One commenter on my previous post shares Dale Carpenter's cautious pessimism about our chances of winning the Prop. 8 case in the Supreme Court. The commenter is resigned to us having to live through our own Plessy v. Ferguson.
Actually, we've already done that. Losing this case wouldn't be our Plessy, it would be our second Bowers v. Hardwick. Like this case, we were represented in Bowers by some of the finest legal minds of the time, including Harvard's Lawrence Tribe. It was viewed as a perfect test case of the constitutional right to privacy. Police actually entered the bedroom of a same-sex couple and, following a universal policy by law enforcement to simply ignore prosecutions for private, consensual acts of sodomy between adults, didn't file charges. What use, then, was the law? How many criminal laws are virtually never enforced when the police actually observe the offense being committed?

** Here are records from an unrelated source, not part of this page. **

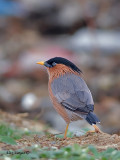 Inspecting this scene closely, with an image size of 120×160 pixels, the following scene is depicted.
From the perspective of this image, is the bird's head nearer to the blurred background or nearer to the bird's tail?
the bird's tail

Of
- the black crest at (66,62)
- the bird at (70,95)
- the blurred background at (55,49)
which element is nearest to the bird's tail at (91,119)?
the bird at (70,95)

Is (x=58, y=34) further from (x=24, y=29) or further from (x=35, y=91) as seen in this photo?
(x=35, y=91)

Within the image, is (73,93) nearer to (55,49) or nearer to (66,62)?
(66,62)

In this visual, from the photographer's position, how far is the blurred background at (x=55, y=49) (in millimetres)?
11938

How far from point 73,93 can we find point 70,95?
54 millimetres

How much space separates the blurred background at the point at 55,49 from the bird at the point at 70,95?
2.17m

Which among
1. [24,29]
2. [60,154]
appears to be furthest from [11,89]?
[60,154]

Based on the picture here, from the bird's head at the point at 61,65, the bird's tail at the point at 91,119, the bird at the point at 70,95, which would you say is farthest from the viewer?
the bird's head at the point at 61,65

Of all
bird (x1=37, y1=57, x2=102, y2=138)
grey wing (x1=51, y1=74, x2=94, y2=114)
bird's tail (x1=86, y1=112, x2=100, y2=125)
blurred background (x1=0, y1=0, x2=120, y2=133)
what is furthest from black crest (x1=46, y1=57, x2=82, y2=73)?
blurred background (x1=0, y1=0, x2=120, y2=133)

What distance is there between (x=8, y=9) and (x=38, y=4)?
1.30m

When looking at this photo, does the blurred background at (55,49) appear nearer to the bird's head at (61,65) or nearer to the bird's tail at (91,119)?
the bird's head at (61,65)

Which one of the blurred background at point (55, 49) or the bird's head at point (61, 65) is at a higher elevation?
the blurred background at point (55, 49)

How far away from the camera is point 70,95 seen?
22.5ft

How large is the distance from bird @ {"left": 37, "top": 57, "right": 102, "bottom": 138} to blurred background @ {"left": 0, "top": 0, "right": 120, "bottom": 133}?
217 cm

The case had everything going for it.
And we lost.
The Bowers opinion, in Justice Kennedy's words overturning it seventeen years later, "was not correct when it was decided, and it is not correct today."

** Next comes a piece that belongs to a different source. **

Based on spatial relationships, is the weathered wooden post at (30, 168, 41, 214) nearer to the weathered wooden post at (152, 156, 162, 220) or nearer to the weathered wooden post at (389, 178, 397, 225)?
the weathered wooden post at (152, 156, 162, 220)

That is the thing about thinking based on imperfect assumptions about small groups of people: Even a Supreme Court opinion doesn't need to be correct in its reasoning, it just needs to be convincing enough to pass muster at the time. The constitutional promise of equality is just that: a promise. Nothing more. Like everything else in a political world, it is subject to a psychological logic that has nothing to do with logic itself.

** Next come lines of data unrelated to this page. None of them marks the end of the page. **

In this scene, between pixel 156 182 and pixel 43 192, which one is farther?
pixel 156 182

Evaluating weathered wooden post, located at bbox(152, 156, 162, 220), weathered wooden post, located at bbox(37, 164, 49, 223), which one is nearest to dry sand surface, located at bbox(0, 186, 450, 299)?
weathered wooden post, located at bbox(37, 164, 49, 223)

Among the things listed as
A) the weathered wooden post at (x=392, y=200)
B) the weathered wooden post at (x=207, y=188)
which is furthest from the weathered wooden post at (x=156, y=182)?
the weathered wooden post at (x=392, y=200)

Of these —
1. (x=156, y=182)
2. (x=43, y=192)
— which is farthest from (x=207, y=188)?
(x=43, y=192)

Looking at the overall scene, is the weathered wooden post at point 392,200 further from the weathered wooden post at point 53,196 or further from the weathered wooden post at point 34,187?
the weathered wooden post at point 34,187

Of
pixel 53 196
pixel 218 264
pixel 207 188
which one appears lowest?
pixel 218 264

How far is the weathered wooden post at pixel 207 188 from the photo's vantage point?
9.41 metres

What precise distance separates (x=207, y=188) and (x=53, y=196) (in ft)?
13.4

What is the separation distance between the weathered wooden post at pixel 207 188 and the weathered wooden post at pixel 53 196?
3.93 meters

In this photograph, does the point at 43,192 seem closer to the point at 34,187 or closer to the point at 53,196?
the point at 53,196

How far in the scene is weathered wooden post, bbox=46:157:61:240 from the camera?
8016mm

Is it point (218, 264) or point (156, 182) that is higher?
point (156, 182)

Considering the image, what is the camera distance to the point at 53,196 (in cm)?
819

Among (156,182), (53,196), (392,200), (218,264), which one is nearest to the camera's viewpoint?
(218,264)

This has always been the concern of same-sex marriage supporters -- not that we are wrong, but that the court doesn't need to get it right the first time. The illogic of prejudice is always just enough to scrape by on; after all, the only people being harmed are a political minority. It is the majority that counts, even if the majority happens to be wrong.
My faith in American democracy is in the ability to get it right in the long term. It took time, but we saw the mistake of Plessy, and of Bowers, and ultimately aligned our law with the reason that was always, if elusively there. If we lose Perry, we'll eventually be able to correct that, too. It may not be in our generation, but the fact that we tried, and gave a court of law the ability to do the right thing will be our gift to the future.
4 Comments for “Deja Vu”
posted by David in Houston on
I wish I could be more optimistic, but the deck is stacked against us right now. We’ve got the Supreme Court full of conservative Christian senior citizens. The worst possible demographic to deal with progressive issues such a marriage equality. We already know one of them (Scalia) is blatantly homophobic. If they were all 30 or 40 year olds, I wouldn’t hesitate sending this to them.
posted by Rodney on
Third, I say. I count Doe v. Commonwealth of Virginia [425 U.S. 901, 96 S.Ct. 1489, 47 L.Ed.2d 751 (1976)], in which the court allowed Virginia’s sodomy law to stand. I know the Supremes didn’t rule in that case, they issued a summary decision. But it shocked me to hear that adult consensual sex wasn’t protected by the Constitution, and I decided I didn’t want that Constitution.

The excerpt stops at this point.